Hi Pauline - I see you have had a number of comments relating to the concepts of WBS v PBS.

I have done a bit of research on this and, as usual in the field of project management, I have found there is no universal agreement on a meaning for these concepts.  Those involved in project management in different sectors continue to use labels like Work Breakdown Structure which in one place means one thing and in another something completely different.  Often WBS in one organisation would be viewed as a PBS in another.  At the end of the day it's no big deal comared to the question - have we used a sensible approach to create a picture of the project we are planning to do which will allow us to track things?

This inconsistency, while there appears to be a percetion that there is a set standard, continues to be one the major problems in building project management competency which, so far and sadly, I see little evidence of being tackled systematically.  This lack of consistency is one factor in my opinion which causes the profession to risk being seen as niche and causing more problemns than soving them.

Anyway with regards to your specific questions - the approach I have developed to differentiate product breakdown structures from work breakdown structures lies in the words "work" & "product".   If you like a WBS is an organised To Do List while a PBS is an organised Shopping List.

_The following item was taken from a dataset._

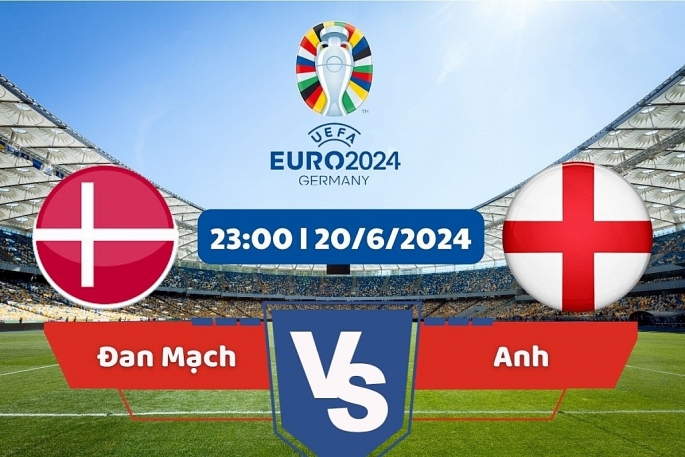 Link xem trực tiếp trận đấu Đan Mạch vs Anh, vòng bảng EURO 2024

These are just two ways of thinking about a project which are aimed at the same thing - working out what needs to be delivered.  One approach focuses on tracking action while the other focuses on outputs.  There will always be a direct corollation between the two as we do the actions to achieve the outputs.  Some projects lend themselves more to one approach than the other, many benefit from both.  These are just two tools in your toolbox and experience of their use eventually mean you get a feel when to get them out and apply them to the project you are facing.

In relation to WBS I use the concept of "milestones" ie points in a project when groupings of tasks are completed.

Statements formed around milestones and task must include verbs.  In the case of milestones these will be in the past tense eg X completed, Y sent, Z delivered.  In the case of tasks and sub-tasks verbs will be in the present tense eg book venue, write presentation, lay foundations, obtain planning permission.

The project is then broken down using milestones as a key point and  tasks, sub-tasks (and broken down sub-sub-tasks, sub-sub-sub-tasks as many levels as make sense).

When it comes to the PBS approach I am then using nouns starting with an identification of the final product eg Kitchen Extension.

I then use the question -  What is that product made up of?  - to start me on breaking the project down.  The disciplne is in sticking with products and product groups ie all nouns no verbs eg Planning Certificate, Kitchen Appliances, Kitchen Units, Foundations, Internal Walls, External Walls, Bricks.  The approach leads to a the construction of a diagram as you know which flows as follows The Final Product - Product Groups - Intemediate Products - Simple Products.  from the base of the diagram we are then saying I need to buy/procure these things (simple products) in order to use them to first make this thing  (intermediate products), sets of intermediat products are then brought together to complete product groups and once all the product groups are in place we have the final product ready for the Client.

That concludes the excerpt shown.